Autre particularité de l’octroi des licences : le demandeur de la licence doit rendre son lieu déjà exploitable et ouvert avant l’octroi de la licence. Il peut donc ouvrir parfois durant six mois sans servir d’alcool, en attendant sa licence et en perdant de l’argent sur le loyer et le service.
Les jeunes arrivant dans le milieu, souvent découragés par toutes ces procédures et plus intéressés par l’apport d’un concept et l’argent rapide, préfèrent alors monter des bars à succès et se retirer au bout de deux ans.
Les jeunes arrivant dans le milieu préfèrent monter des bars à succès et se retirer au bout de deux ans
« Moi, dans trois ans, j’arrête tout, j’aime bien faire ça mais ce n’est pas du tout stable », témoigne à MEE l’un des gérants de Sousse. Un autre à La Goulette admet vivre au jour le jour. « On avait déjà lancé le concept du Plug à la Marsa en 2011, puis on a dû fermer à cause des problèmes avec les propriétaires. On peut monter un nouvel établissement, ça peut durer comme ça peut s’effondrer au bout de quelques années », ajoute-t-il.

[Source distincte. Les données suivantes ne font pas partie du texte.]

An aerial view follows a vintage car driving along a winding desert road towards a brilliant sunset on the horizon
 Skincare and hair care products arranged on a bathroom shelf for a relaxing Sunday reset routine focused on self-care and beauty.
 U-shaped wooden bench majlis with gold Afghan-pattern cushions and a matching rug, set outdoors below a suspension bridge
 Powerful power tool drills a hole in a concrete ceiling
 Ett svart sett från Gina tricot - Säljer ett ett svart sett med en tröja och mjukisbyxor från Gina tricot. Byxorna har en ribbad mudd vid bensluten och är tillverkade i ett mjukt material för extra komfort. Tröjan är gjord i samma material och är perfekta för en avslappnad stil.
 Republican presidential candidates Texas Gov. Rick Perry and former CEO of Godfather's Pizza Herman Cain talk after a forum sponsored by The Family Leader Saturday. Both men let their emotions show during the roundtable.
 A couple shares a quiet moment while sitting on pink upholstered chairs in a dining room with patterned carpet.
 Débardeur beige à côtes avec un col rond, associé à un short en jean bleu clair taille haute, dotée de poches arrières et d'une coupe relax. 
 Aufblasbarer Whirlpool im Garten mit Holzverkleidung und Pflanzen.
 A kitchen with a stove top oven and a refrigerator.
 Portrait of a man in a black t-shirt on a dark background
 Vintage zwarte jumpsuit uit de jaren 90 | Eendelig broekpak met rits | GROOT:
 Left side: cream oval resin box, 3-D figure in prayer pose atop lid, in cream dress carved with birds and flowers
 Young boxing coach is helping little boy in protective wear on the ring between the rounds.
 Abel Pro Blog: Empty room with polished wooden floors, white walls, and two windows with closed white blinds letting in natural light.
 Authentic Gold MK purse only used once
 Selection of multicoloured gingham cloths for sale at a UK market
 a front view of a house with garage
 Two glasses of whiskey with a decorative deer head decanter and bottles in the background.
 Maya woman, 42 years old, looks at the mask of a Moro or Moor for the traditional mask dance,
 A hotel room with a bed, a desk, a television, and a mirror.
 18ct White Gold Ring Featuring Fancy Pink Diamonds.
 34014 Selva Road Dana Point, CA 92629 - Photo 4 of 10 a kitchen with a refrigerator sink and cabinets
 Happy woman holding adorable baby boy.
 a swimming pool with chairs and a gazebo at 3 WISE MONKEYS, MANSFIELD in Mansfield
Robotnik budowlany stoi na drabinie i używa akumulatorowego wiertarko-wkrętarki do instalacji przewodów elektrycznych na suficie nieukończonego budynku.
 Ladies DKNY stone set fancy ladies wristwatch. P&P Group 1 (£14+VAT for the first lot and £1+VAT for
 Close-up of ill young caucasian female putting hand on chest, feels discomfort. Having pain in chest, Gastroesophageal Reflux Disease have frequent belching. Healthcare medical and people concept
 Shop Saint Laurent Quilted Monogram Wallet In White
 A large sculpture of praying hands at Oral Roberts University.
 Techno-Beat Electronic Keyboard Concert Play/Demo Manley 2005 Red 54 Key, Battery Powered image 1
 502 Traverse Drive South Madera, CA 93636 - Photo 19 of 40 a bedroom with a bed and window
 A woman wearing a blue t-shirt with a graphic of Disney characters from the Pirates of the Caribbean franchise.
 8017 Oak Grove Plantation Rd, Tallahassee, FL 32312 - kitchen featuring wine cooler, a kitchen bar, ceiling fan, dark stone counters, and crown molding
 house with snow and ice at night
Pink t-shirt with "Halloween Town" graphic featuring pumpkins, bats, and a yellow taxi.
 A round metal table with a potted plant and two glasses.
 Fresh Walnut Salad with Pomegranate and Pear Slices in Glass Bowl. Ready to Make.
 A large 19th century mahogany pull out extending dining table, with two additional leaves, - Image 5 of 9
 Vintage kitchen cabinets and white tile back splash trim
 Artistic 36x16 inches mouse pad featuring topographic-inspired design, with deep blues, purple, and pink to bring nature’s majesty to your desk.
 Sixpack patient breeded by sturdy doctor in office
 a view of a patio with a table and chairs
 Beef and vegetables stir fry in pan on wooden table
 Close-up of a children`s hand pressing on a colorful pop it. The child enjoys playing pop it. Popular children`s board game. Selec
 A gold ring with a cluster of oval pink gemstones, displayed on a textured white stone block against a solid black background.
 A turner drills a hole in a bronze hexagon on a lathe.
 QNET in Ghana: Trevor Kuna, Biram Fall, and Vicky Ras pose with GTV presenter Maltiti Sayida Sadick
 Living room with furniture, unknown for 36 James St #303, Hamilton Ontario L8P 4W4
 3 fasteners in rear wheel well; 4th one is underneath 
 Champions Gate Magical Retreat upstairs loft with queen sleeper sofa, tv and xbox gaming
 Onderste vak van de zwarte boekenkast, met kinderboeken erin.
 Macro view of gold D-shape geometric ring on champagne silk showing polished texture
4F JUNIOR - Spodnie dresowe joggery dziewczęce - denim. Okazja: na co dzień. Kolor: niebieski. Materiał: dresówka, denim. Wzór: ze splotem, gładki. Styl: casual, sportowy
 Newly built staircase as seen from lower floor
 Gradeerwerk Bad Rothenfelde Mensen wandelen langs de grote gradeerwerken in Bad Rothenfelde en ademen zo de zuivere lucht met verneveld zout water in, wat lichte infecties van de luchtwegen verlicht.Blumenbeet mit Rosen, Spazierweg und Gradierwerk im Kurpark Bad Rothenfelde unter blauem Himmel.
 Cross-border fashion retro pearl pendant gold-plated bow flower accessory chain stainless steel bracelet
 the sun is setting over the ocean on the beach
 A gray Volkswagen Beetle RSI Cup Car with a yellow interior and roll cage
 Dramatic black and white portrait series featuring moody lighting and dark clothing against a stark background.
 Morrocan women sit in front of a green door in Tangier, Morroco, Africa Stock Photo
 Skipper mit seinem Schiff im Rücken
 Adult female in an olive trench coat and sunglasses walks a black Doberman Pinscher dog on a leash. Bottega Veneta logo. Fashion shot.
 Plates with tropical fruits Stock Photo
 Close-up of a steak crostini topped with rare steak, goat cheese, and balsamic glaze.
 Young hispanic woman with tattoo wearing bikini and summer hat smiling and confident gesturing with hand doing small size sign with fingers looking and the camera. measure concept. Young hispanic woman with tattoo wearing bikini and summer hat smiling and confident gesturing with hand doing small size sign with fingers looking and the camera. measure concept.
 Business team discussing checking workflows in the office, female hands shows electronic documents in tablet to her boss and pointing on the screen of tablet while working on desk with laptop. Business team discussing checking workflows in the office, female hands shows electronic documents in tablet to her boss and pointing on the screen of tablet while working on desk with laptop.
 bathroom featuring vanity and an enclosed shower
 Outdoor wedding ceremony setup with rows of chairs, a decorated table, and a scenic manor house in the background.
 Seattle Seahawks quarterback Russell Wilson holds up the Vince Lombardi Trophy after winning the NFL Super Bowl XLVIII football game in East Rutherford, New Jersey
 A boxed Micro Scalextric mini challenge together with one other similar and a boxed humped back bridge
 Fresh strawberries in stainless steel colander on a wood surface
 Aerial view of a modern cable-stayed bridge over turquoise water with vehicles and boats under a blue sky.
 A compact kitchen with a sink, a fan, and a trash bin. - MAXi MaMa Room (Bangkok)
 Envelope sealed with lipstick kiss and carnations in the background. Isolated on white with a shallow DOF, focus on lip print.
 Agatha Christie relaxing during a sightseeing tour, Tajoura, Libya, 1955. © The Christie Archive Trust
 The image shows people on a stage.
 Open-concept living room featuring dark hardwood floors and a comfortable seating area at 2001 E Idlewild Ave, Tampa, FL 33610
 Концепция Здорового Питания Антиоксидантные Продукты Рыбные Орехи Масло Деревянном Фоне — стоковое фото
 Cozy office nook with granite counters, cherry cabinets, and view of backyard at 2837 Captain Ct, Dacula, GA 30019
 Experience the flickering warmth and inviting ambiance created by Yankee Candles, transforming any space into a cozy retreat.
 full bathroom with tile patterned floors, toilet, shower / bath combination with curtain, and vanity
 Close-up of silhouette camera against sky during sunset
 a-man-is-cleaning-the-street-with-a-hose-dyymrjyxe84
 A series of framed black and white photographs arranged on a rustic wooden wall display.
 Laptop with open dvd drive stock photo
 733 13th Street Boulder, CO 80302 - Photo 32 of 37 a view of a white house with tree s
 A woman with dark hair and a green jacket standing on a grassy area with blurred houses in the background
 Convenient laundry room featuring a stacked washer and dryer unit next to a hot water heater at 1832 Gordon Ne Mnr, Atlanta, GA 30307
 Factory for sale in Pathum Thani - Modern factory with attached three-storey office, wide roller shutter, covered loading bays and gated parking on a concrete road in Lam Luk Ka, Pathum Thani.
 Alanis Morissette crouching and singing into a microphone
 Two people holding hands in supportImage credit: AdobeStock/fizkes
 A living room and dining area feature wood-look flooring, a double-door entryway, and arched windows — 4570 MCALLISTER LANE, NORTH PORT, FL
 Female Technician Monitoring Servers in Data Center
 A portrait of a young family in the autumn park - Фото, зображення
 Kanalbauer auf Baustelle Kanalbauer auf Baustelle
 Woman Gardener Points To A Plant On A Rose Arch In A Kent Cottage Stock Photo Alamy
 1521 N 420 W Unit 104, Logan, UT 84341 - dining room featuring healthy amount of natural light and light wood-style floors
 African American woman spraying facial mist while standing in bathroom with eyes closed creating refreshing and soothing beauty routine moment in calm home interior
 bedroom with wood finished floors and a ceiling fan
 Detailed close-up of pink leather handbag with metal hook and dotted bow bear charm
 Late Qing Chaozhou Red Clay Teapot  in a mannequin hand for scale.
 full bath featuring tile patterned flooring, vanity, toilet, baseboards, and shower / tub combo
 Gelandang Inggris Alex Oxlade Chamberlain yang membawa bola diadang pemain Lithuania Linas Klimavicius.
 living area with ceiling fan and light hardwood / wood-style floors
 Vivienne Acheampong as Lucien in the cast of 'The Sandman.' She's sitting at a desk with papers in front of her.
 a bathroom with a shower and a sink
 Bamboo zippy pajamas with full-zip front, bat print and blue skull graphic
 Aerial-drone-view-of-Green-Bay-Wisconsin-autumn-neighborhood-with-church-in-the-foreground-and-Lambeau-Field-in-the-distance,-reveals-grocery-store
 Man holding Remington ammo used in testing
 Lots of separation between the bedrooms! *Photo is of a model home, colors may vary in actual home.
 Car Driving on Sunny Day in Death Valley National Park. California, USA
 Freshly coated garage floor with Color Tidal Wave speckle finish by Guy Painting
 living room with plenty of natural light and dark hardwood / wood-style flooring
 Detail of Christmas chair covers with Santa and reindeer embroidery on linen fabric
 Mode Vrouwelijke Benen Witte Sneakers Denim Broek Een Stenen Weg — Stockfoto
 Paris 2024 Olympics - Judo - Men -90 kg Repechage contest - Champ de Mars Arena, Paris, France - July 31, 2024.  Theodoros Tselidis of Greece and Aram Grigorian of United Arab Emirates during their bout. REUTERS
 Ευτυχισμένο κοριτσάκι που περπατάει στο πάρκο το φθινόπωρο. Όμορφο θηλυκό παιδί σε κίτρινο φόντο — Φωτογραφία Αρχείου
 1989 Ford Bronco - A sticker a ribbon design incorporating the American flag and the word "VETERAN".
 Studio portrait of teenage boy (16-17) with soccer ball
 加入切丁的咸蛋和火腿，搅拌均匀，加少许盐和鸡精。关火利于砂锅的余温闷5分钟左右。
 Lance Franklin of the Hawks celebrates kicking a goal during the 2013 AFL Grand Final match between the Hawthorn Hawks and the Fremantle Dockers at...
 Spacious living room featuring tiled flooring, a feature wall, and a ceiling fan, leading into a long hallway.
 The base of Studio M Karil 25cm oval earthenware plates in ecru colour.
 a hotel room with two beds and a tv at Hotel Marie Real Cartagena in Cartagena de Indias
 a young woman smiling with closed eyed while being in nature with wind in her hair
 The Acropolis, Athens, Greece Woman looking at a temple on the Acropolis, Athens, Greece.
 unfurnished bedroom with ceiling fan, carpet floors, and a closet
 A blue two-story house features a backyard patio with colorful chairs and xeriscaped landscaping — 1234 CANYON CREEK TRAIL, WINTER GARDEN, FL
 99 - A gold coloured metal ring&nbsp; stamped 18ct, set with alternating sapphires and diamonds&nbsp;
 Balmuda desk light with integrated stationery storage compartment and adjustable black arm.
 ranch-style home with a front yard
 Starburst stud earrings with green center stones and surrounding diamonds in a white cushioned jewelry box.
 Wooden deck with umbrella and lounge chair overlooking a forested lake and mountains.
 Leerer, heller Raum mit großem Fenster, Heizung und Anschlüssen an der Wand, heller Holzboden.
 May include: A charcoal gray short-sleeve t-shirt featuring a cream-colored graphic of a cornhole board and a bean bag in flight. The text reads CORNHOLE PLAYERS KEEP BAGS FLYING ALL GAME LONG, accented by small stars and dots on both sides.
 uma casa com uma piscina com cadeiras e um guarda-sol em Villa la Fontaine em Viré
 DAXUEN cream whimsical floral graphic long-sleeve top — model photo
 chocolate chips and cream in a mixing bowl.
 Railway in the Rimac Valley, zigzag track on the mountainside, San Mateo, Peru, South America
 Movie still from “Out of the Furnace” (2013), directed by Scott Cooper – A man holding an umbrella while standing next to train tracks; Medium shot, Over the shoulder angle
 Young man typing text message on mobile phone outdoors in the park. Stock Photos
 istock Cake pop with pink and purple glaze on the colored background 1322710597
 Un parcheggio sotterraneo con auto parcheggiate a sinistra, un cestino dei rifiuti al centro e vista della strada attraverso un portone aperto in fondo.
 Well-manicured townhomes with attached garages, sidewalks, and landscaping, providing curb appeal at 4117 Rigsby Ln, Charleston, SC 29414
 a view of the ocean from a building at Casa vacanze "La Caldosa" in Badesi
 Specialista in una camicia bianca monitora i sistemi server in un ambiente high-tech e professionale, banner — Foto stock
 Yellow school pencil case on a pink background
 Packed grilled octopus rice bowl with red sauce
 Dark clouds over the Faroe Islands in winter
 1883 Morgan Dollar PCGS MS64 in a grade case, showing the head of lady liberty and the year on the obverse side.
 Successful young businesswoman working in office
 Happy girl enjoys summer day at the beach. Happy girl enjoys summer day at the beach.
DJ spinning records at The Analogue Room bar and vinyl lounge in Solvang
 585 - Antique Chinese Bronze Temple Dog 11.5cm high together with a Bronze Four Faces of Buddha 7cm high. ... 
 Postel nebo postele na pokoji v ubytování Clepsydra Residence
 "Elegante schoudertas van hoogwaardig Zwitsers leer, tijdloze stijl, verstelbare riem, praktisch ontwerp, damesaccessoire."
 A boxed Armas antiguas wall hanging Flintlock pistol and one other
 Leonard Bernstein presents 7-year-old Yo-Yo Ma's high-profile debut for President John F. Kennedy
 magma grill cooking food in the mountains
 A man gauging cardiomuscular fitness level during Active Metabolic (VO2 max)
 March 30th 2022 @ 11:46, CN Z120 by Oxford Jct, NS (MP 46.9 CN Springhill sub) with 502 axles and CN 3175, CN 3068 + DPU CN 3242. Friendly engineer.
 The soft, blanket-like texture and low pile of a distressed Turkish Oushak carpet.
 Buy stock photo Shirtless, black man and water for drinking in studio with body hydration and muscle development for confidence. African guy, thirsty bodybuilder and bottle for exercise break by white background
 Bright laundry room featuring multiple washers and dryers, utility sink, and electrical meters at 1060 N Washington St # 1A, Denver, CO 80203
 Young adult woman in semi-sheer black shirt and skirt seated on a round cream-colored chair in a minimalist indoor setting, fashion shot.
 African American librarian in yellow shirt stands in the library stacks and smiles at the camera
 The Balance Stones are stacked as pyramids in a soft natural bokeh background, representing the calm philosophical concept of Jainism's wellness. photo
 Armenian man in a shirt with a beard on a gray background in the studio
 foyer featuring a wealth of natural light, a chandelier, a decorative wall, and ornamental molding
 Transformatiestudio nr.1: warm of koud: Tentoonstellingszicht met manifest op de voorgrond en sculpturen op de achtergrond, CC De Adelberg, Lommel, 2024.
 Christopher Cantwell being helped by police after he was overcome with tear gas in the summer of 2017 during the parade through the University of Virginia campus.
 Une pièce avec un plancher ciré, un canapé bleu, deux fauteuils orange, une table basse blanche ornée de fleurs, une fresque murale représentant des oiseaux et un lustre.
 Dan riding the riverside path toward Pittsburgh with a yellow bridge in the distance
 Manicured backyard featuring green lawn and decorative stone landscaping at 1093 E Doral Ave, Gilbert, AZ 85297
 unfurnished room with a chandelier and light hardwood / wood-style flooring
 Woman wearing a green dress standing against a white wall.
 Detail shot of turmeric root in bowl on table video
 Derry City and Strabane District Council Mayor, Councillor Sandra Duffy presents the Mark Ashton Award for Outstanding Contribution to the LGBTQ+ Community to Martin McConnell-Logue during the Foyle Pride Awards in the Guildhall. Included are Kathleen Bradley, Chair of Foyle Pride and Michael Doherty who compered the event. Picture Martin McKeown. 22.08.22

Reste à savoir si ce nouveau monde de la nuit, qui se fait et se défait chaque année, va réussir à trouver sa place en dépit d’un cadre juridique encore flou sur la consommation d’alcool. À l’approche des municipales, les professionnels du milieu se demandent aussi comment les futurs élus locaux aborderont la question de l’alcool et de sa règlementation dans les débats électoraux. Puisque qu’un maire a aussi un droit de regard sur les débits de boisson et les lieux alcoolisés qui ouvrent dans son quartier.